Task directions: Below are records with pictures. Reproduce exactly the lines from the line with "How to Tell" to the line with "A businessman uses", inclusive, and leave each picture out.

++++ Data shown ++++

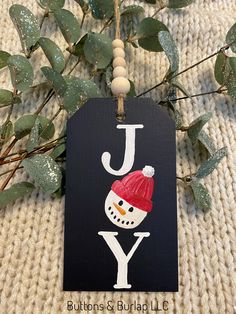 a christmas ornament with a snowman on it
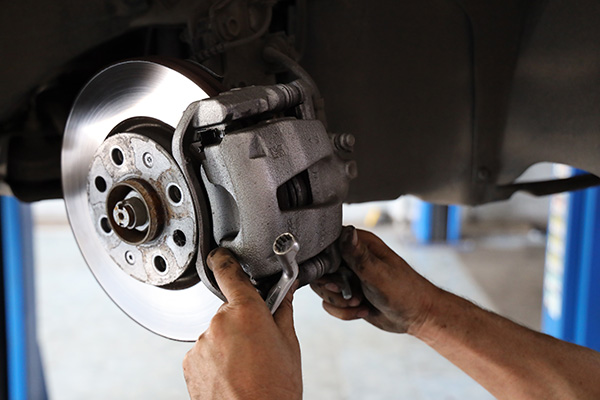 How to Tell If Uneven Brake Wear Is Coming From a Caliper or Its Slide Pins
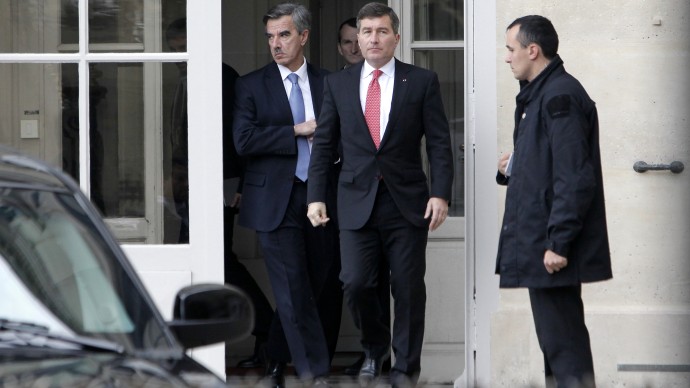 U.S Ambassador to France Charles H. Rivkin, right, leaves the Foreign Ministry in Paris, after he was summoned Monday, Oct. 21, 2013. The French government had summoned the ambassador to explain why the Americans spied on one of their closest allies. Le Monde newspaper said Monday, Oct. 21, 2013 that documents leaked by Edward Snowden show that the U.S. National Security Agency swept up 70.3 million French phone records in a 30-day period. (AP Photo/Thibault Camus)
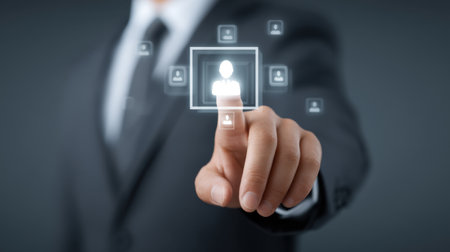 A businessman uses his finger to interact with a digital user interface, emphasizing the importance of virtual connections and modern technology in networking and communication.の素材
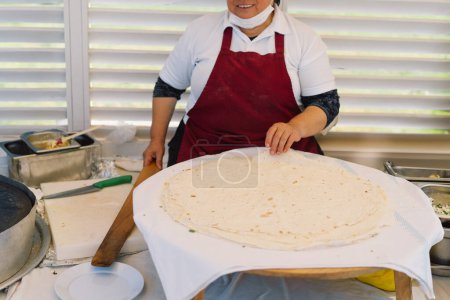 Téléchargez les photos : Une femme qui prépare un gros morceau de pain plat. Elle travaille sur un stand de marché extérieur, entouré d'ustensiles de cuisine et d'ingrédients, présentant un aperçu des pratiques culinaires locales.. - en image libre de droit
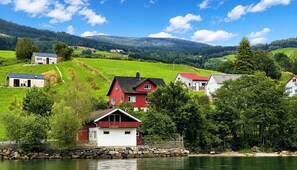 Une propriété au bord du lac, avec une maison rouge, une maison blanche et un petit chalet, le tout entouré de verdure et de collines.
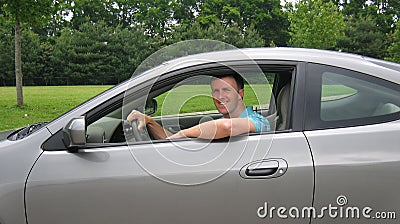 Young Man Driving Sports Car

++++

Exercise solution:
 How to Tell If Uneven Brake Wear Is Coming From a Caliper or Its Slide Pins
 U.S Ambassador to France Charles H. Rivkin, right, leaves the Foreign Ministry in Paris, after he was summoned Monday, Oct. 21, 2013. The French government had summoned the ambassador to explain why the Americans spied on one of their closest allies. Le Monde newspaper said Monday, Oct. 21, 2013 that documents leaked by Edward Snowden show that the U.S. National Security Agency swept up 70.3 million French phone records in a 30-day period. (AP Photo/Thibault Camus)
 A businessman uses his finger to interact with a digital user interface, emphasizing the importance of virtual connections and modern technology in networking and communication.の素材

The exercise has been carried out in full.